• [Caption-style text data]:
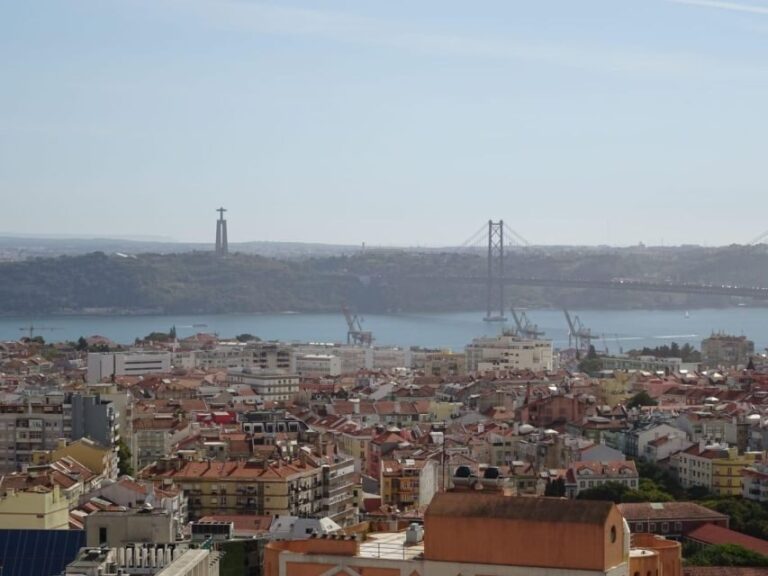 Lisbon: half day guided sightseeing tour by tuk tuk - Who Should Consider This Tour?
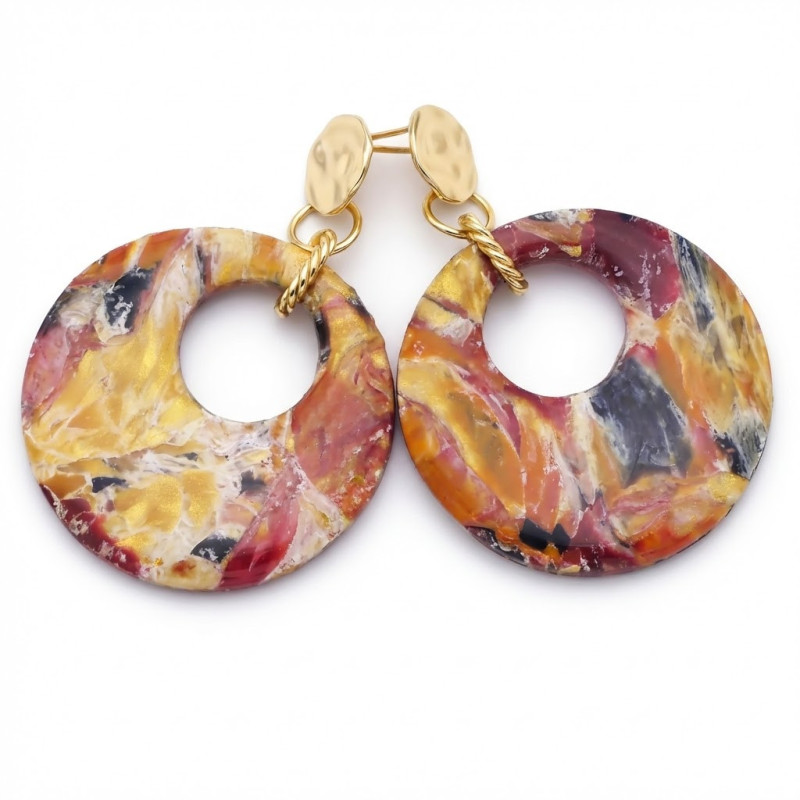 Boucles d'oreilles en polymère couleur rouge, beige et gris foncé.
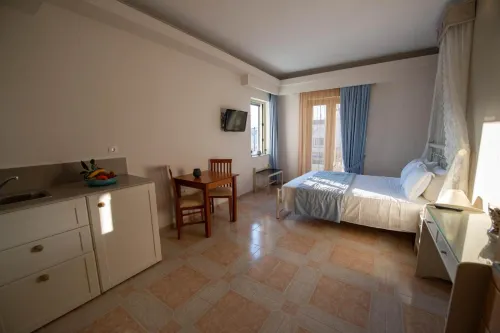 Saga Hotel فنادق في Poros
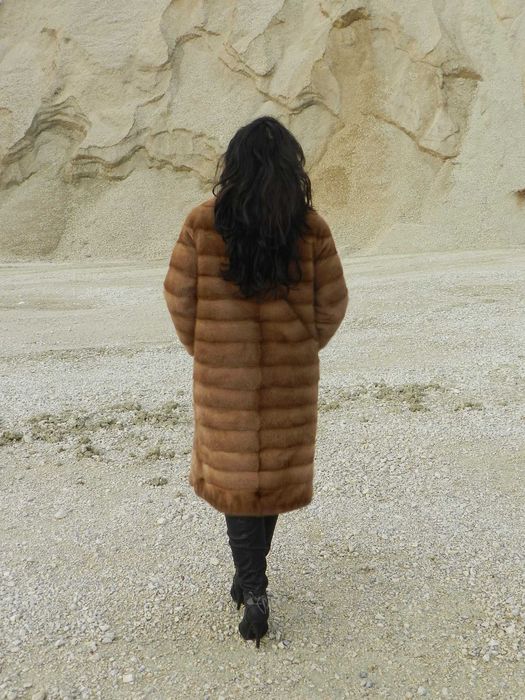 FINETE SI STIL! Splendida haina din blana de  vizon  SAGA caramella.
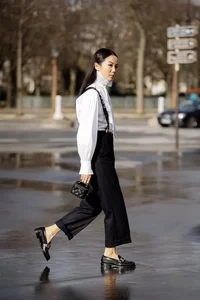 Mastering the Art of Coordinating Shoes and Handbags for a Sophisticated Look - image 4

• [How to complete this task]: Return every record above exactly as written, but drop the pictures.

• [Answer to this task]:
 Lisbon: half day guided sightseeing tour by tuk tuk - Who Should Consider This Tour?
 Boucles d'oreilles en polymère couleur rouge, beige et gris foncé.
 Saga Hotel فنادق في Poros
 FINETE SI STIL! Splendida haina din blana de  vizon  SAGA caramella.
 Mastering the Art of Coordinating Shoes and Handbags for a Sophisticated Look - image 4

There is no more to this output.